Cécilia Dutter : « En certaines circonstances tragiques, seule une présence attentive représente une aide effective »
L’écrivaine et critique littéraire nous livre sa chronique. Avec cette question : lorsque quelqu’un vient se confier à nous, « est-ce si difficile de faire silence pour se concentrer sur la personne qui s’exprime ? » L’enjeu : s’ouvrir ensemble à la présence d’un Plus Grand que soi.
Il est peu dire que l’individualisme forcené qui marque notre époque, l’hyper-accélération du temps dans lequel nous vivons, la recherche permanente de la performance et la marchandisation de toute chose, ne nous apprennent pas l’art, subtil et essentiel, de l’écoute, qui suppose, au contraire, de se tourner vers l’autre pour se mettre gratuitement à son service.
En cette période de Toussaint qui ravive la souffrance du deuil de nos chers disparus, quand un ami, un parent ou un collègue nous confie sa tristesse face à la mort récente d’un proche, nous sommes souvent démunis. Nous l’écoutons, certes, ou du moins, nous tentons de le faire, mais, souvent, notre écoute n’est que de surface.

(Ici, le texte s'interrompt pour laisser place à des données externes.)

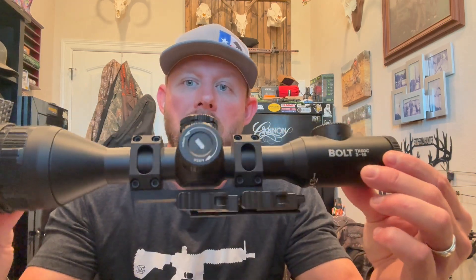This is a tube-style scope, so 30mm rings will work on it. I run the American Defense QD Recon mount in 30mm — I trust them and put them on all my tube optics. They hold zero: take them off, put them back on, and it holds zero. This optic is going to retail for six thousand nine hundred and ninety-nine dollars, so spend the money and get a great mount. I put the American Defense Recon mounts on all my tube-style scopes — an absolutely outstanding mount.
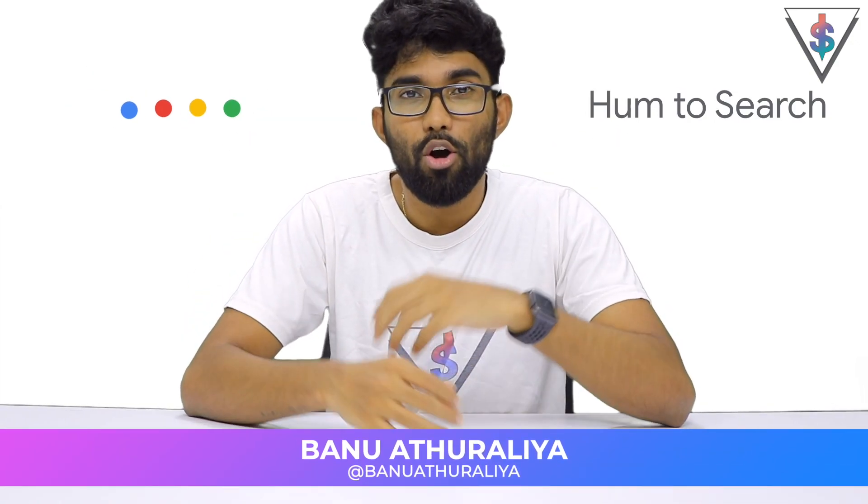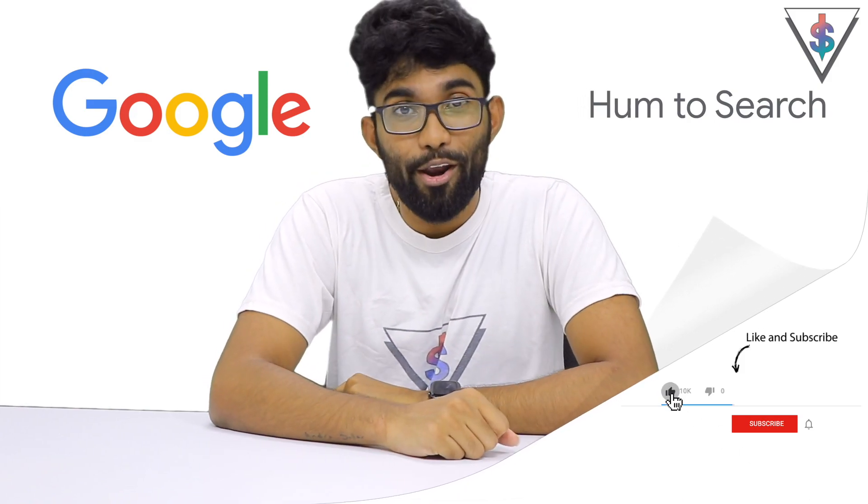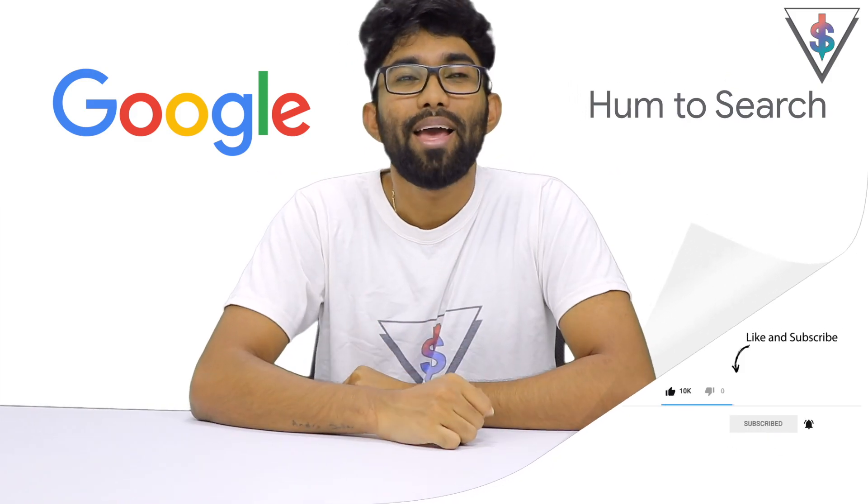Hey, what's up guys, it's Manu here from android.com. Google has unveiled humming a tune on Google, so you can use that on your smartphone or any of the compatible Google devices. I'm going to be showing you guys how that works today so you can see whether it works reliably or not. This is android — let's get started with today's video.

« Notre insupportable ego ramène tout à lui »
Disons qu’au mieux, nous entendons quelques bribes de sa plainte et, très vite, nous avons la fâcheuse tendance à intervenir pour lui donner des conseils ou notre avis, donc notre jugement sur ce qu’il essayait tant bien que mal de nous dire avant que nous ne l’interrompions. « Si j’étais à ta place, je ferais… », « cela me rappelle la fois où je… », voilà le genre de phrases qui sortent de notre bouche et viennent aussitôt clouer malencontreusement la sienne. Quel est ce « moi-je » qui s’exprime alors qu’on ne lui demandait que de se taire et d’ouvrir grand ses oreilles et ses yeux pour saisir chaque détail, verbal ou non, de ce que l’autre souhaitait lui dire ?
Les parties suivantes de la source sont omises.